Action item: Please quote exactly the lines below from the line containing "offroad02120119.jpg" to the line containing "32 Aspen Meadows Manor SW — photo 15", both lines included, and nothing else.

Provided data:
____
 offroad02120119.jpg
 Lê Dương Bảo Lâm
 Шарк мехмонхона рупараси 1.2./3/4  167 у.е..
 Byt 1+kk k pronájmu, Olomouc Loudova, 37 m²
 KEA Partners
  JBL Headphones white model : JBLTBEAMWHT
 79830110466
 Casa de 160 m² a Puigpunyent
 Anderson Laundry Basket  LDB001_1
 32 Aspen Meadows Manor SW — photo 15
____
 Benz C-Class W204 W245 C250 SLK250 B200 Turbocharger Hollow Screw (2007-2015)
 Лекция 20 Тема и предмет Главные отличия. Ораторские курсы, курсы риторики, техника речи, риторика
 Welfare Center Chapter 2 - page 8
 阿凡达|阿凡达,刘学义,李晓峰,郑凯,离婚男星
____
Problem solution:
 offroad02120119.jpg
 Lê Dương Bảo Lâm
 Шарк мехмонхона рупараси 1.2./3/4  167 у.е..
 Byt 1+kk k pronájmu, Olomouc Loudova, 37 m²
 KEA Partners
  JBL Headphones white model : JBLTBEAMWHT
 79830110466
 Casa de 160 m² a Puigpunyent
 Anderson Laundry Basket  LDB001_1
 32 Aspen Meadows Manor SW — photo 15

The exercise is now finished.